T-SQL Tuesday #18-CTEs: What a CTE is Not

A common beginner’s misconception about Common Table Expressions (CTEs) is that they are a real result set, like those produced by a temporary table or table variable. In fact, the opposite is true: they’re really just a way to simplify and encapsulate your code. For this month’s TSQL-Tuesday, focused on CTEs, I want to illustrate this difference with an example of how a (non-recursive) CTE can be both more and less efficient than a temporary table at accessing data.

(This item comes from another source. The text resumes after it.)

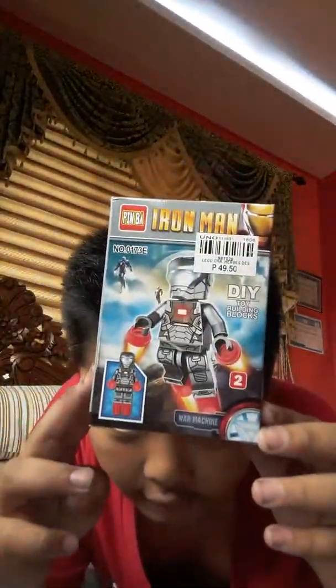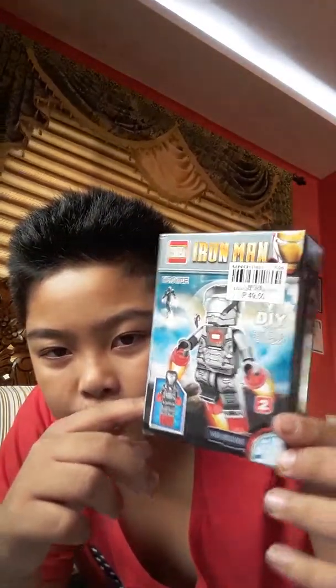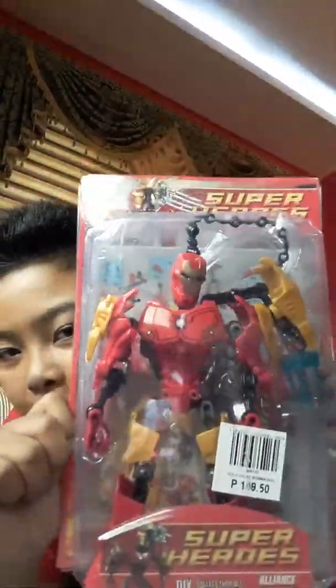Hey guys, today I have a new video. I have both of these — the first one is the Iron Man Lego, it's War Machine, and then we have an Iron Man Bionicle figure. Buyers beware, these are bootleg. So let's open this one up first.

Let’s start with a simple query comparing the sales volume and average price between a given year and the previous year expressed as both a CTE and a derived table:

 
/* CTE Version */
WITH SalesData as
(
SELECT sd.ProductId
     , SalesYr  = YEAR(sh.OrderDate)
     , AvgPrice = Avg(UnitPrice)
  FROM AdventureWorks2008R2.sales.SalesOrderHeader sh
  JOIN AdventureWorks2008R2.sales.SalesOrderDetail sd
    ON sh.SalesOrderID = sd.SalesOrderID
GROUP BY sd.ProductId,YEAR(sh.OrderDate)
)
 
SELECT s1.ProductId
    , s1.SalesYr  as year1
    , s2.SalesYr  as year2
    , s1.AvgPrice as Year1AvgPrice
    , s2.AvgPrice as Year2AvgPrice
    , s2.AvgPrice/s1.AvgPrice as Year2Change
  FROM SalesData s1
INNER JOIN SalesData s2
    ON s1.Productid = s2.ProductId
   AND s1.SalesYr = s2.SalesYr -1
  
/* Derived Table Version */
SELECT s1.ProductId
    , s1.SalesYr  as year1
    , s2.SalesYr  as year2
    , s1.AvgPrice as Year1AvgPrice
    , s2.AvgPrice as Year2AvgPrice
    , s2.AvgPrice/s1.AvgPrice as Year2Change
  FROM (
          SELECT sd.ProductId
             , SalesYr  = YEAR(sh.OrderDate)
             , AvgPrice = Avg(UnitPrice)
          FROM AdventureWorks2008R2.sales.SalesOrderHeader sh
          JOIN AdventureWorks2008R2.sales.SalesOrderDetail sd
            ON sh.SalesOrderID = sd.SalesOrderID
        GROUP BY sd.ProductId,YEAR(sh.OrderDate)
       ) s1
  INNER JOIN
    (
        SELECT sd.ProductId
             , SalesYr  = YEAR(sh.OrderDate)
             , AvgPrice = Avg(UnitPrice)
          FROM AdventureWorks2008R2.sales.SalesOrderHeader sh
          JOIN AdventureWorks2008R2.sales.SalesOrderDetail sd
            ON sh.SalesOrderID = sd.SalesOrderID
        GROUP BY sd.ProductId,YEAR(sh.OrderDate)
    )             s2
    ON s1.Productid = s2.ProductId
  AND s1.SalesYr = s2.SalesYr -1

Both the CTE and the derived table generate the same execution plan:

Statistics IO for both queries is also identical:

 
(347 row(s) affected)
Table ‘Worktable’. Scan count 0, logical reads 0, physical reads 0, read-ahead reads 0, lob logical reads 0, lob physical reads 0, lob read-ahead reads 0.
Table ‘SalesOrderDetail’. Scan count 2, logical reads 2480, physical reads 0, read-ahead reads 0, lob logical reads 0, lob physical reads 0, lob read-ahead reads 0.
Table ‘SalesOrderHeader’. Scan count 2, logical reads 1372, physical reads 0, read-ahead reads 0, lob logical reads 0, lob physical reads 0, lob read-ahead reads 0.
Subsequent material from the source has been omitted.